When I was a kid, it was just fog, not smog
The north of the country was shrouded in hazardous levels of smog for a fifth day, disrupting flights, traffic and closing factories and schools.
Hundreds of inspectors were out to enforce temporary bans on barbecues and ensure cars with even number plates were the only ones on the road.
With plunging temperatures, the pollution goes up as power and heating demands rise in the winter months.
The sheer volume of pollution highlights the environmental cost of resurgent coal production in the world’s second largest economy.
“Clearly the government is not trying to hide this away. Everybody is talking about the pollution, the Premier minister (Li Keqiang) has called for a war against pollution and there are very many investments going into making the air better.
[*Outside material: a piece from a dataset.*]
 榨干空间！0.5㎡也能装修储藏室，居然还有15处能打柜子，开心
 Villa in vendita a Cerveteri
However, what we see today are the consequences of the sins of probably a whole generation – of development, fast development, which clearly did not have the environment at its centre,” explained Dr Bernhard Schwartlander from the World Health Organisation.
Millions of people are at risk of suffering from the effects of airborne pollutants, which were up to 100 times higher than the safe limit in some regions.
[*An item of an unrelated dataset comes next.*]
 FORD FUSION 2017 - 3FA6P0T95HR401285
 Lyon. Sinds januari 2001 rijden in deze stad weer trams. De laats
“I’m worried about (the pollution) as there are so many (pollution) particles (in the air). Unlike the old times when I was a kid, it was just fog, not smog,” remarked one Beijing local to a reporter.
One study linked pollution in China to 1.6 million deaths per year. The US Environmental Protection Agency states the dangers of airborne pollutants:
“People exposed to toxic air pollutants at sufficient concentrations and durations may have an increased chance of getting cancer or experiencing other serious health effects. These health effects can include damage to the immune system, as well as neurological, reproductive (e.g., reduced fertility), developmental, respiratory and other health problems.”
The issue is weighing heavily on the government as it prepares to host the Winter Olympics in 2022.
“I think the measures (the government has taken) should be comprehensive. (The measures) should not only focus on shutting down factories and limiting cars when a red alert is issued. This measure can only scratch the surface (of the problem). I think they should change the economic development structure,” said one Beijing resident.
The transition away from coal power is a slow one. It will take years before the benefits of measures taken to quell the so-called airpocalypse have an effect, in the meantime millions are paying for the cost of China’s economic growth with their health.